Work instructions => Leaving out the pictures, restate each record below word for word.

======== Provided records

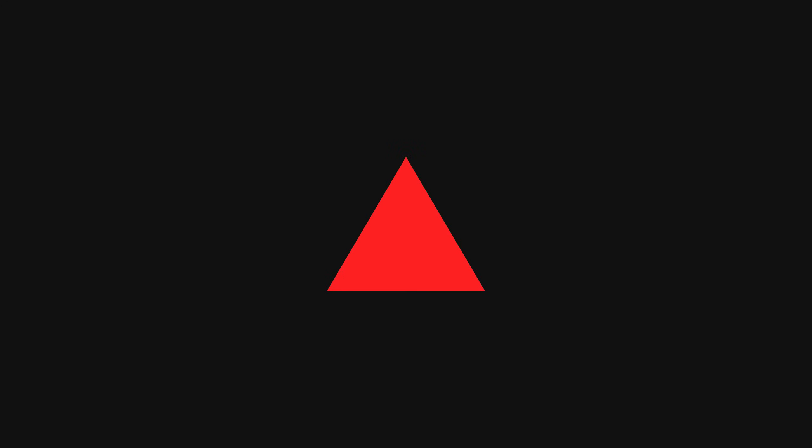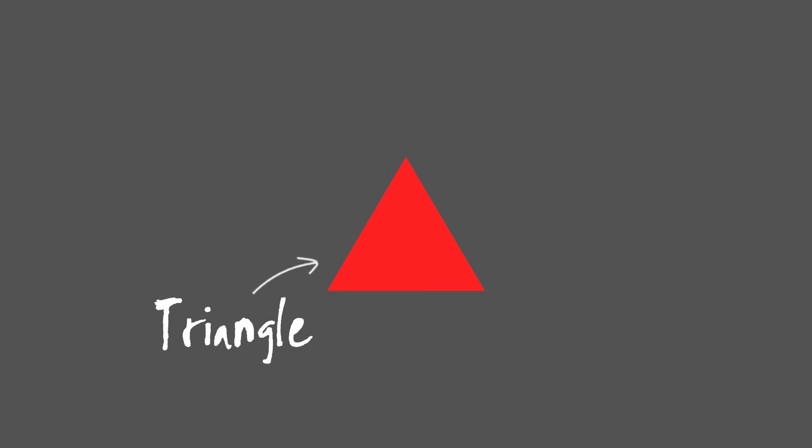Same again, but this time with shapes. If the background is black, say the color. But if the background is gray, say the shape.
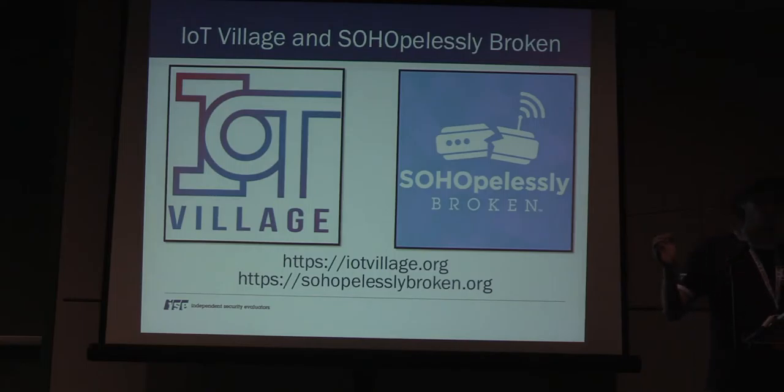I'm also an organizer of IoT Village. 'So Obviously Broken' is a capture-the-flag contest created after we conducted research on SOHO routers. IoT Village is an area where individuals concerned with IoT and the security of IoT devices can come together and make them better.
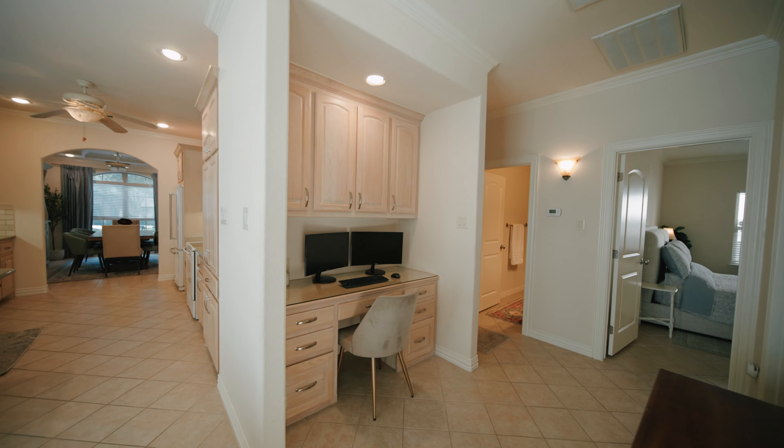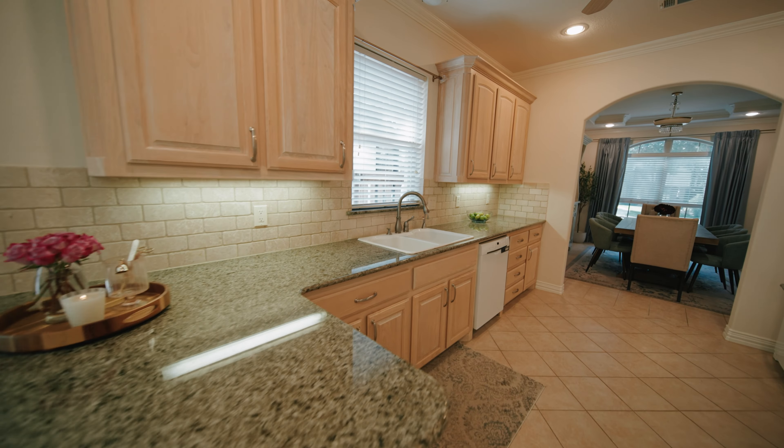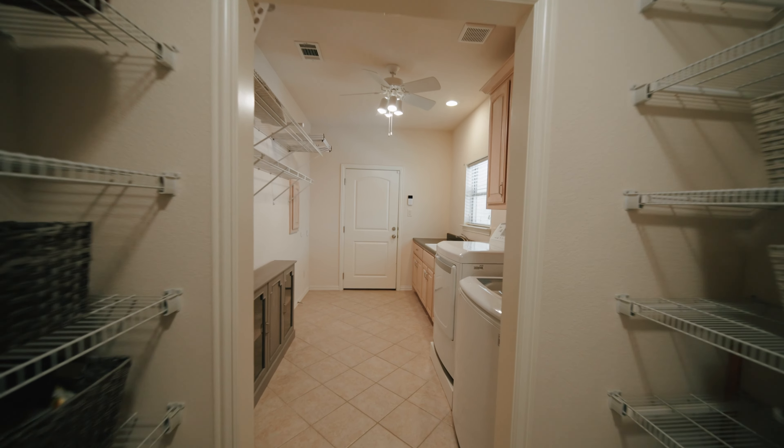You will notice an abundance of cabinets and counter space, under-counter lighting, instant hot water dispenser, and a spacious walk-in pantry, which connects to the utility room.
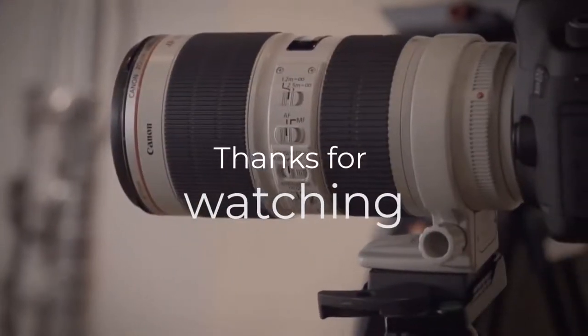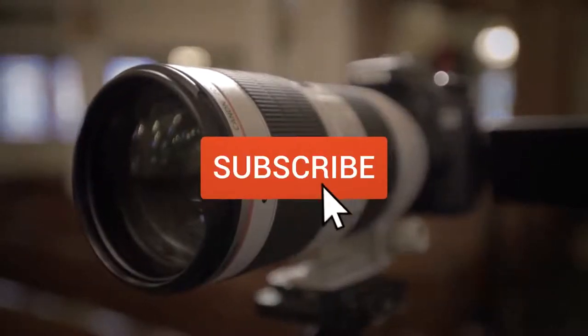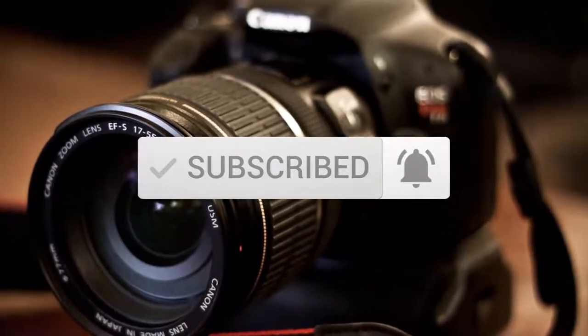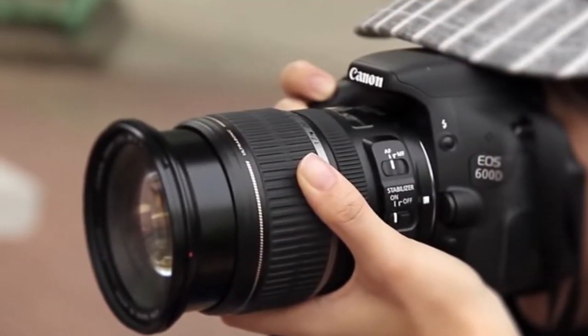Thanks for watching the video, we hope you found it useful. Be sure to leave a like and subscribe to the channel to get more videos like this in the future. If you have any questions related to these products, you can leave a comment below and we'll get back to you.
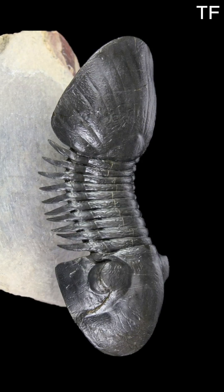Unveiling the Paraligurus trilobite — a journey to the Lower Devonian. Imagine, for a moment, stepping back in time over 400 million years ago. The world was a vastly different place. The continents were unrecognizable, the oceans teemed with life, and among the most fascinating creatures of this ancient world were the trilobites. Today, we're diving into the story of one particularly remarkable trilobite, the Paraligurus. This fossil, preserved in stunning detail, is a window into the Lower Devonian period, a time of incredible change and evolution on Earth.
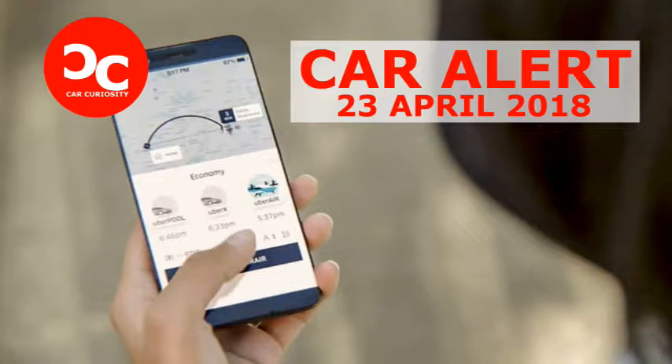Rather than pinpointing where you are and where you're going, the Uber app will instead show drivers a more general location. The goal, of course, is to improve rider privacy and safety, and limit the degree to which location data is exposed.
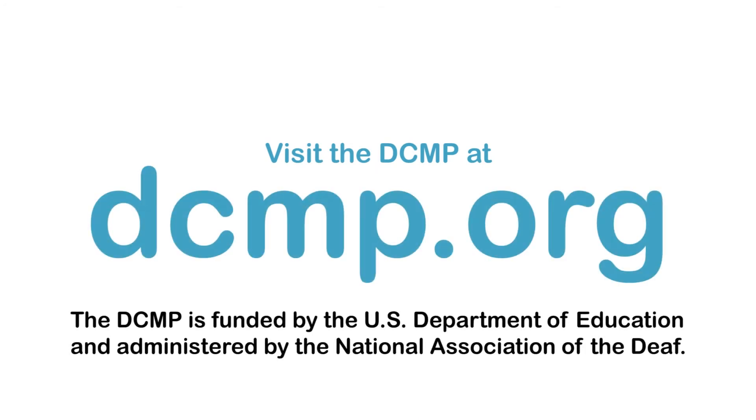The DCMP is funded by the U.S. Department of Education and administered by the National Association of the Deaf.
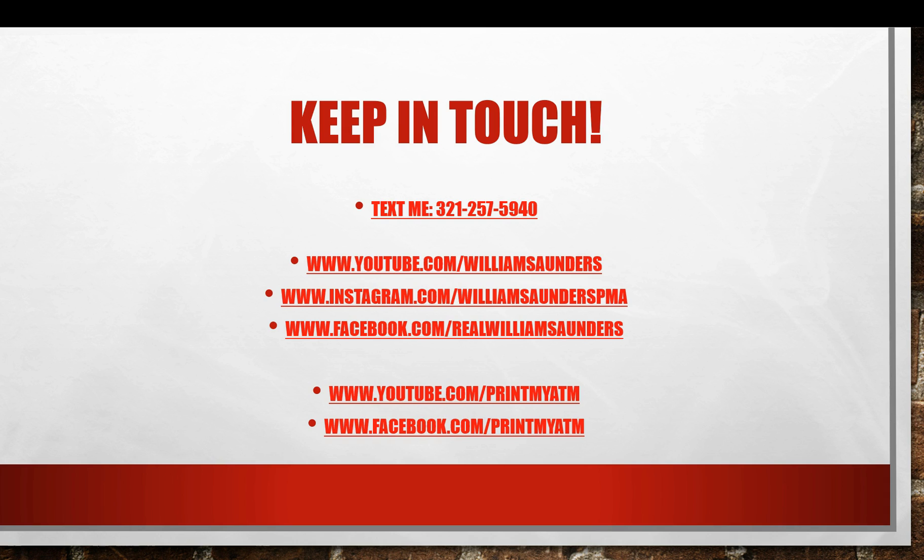On Instagram, I'm most active — very, very active. In fact, I have an account manager and everything like that. My Facebook — I used to be very, very active but I'm not as active as I used to be. Once I come out with our productions on the market and the program, I'll become a little bit more active on Facebook. My company YouTube channel is basically Print My ATM, and our company Facebook is where you guys can also find me and go from there.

================

Problem solution =>
Same again, but this time with shapes. If the background is black, say the color. But if the background is gray, say the shape.
I'm also an organizer of IoT Village. 'So Obviously Broken' is a capture-the-flag contest created after we conducted research on SOHO routers. IoT Village is an area where individuals concerned with IoT and the security of IoT devices can come together and make them better.
You will notice an abundance of cabinets and counter space, under-counter lighting, instant hot water dispenser, and a spacious walk-in pantry, which connects to the utility room.
Thanks for watching the video, we hope you found it useful. Be sure to leave a like and subscribe to the channel to get more videos like this in the future. If you have any questions related to these products, you can leave a comment below and we'll get back to you.
Unveiling the Paraligurus trilobite — a journey to the Lower Devonian. Imagine, for a moment, stepping back in time over 400 million years ago. The world was a vastly different place. The continents were unrecognizable, the oceans teemed with life, and among the most fascinating creatures of this ancient world were the trilobites. Today, we're diving into the story of one particularly remarkable trilobite, the Paraligurus. This fossil, preserved in stunning detail, is a window into the Lower Devonian period, a time of incredible change and evolution on Earth.
Rather than pinpointing where you are and where you're going, the Uber app will instead show drivers a more general location. The goal, of course, is to improve rider privacy and safety, and limit the degree to which location data is exposed.
The DCMP is funded by the U.S. Department of Education and administered by the National Association of the Deaf.
On Instagram, I'm most active — very, very active. In fact, I have an account manager and everything like that. My Facebook — I used to be very, very active but I'm not as active as I used to be. Once I come out with our productions on the market and the program, I'll become a little bit more active on Facebook. My company YouTube channel is basically Print My ATM, and our company Facebook is where you guys can also find me and go from there.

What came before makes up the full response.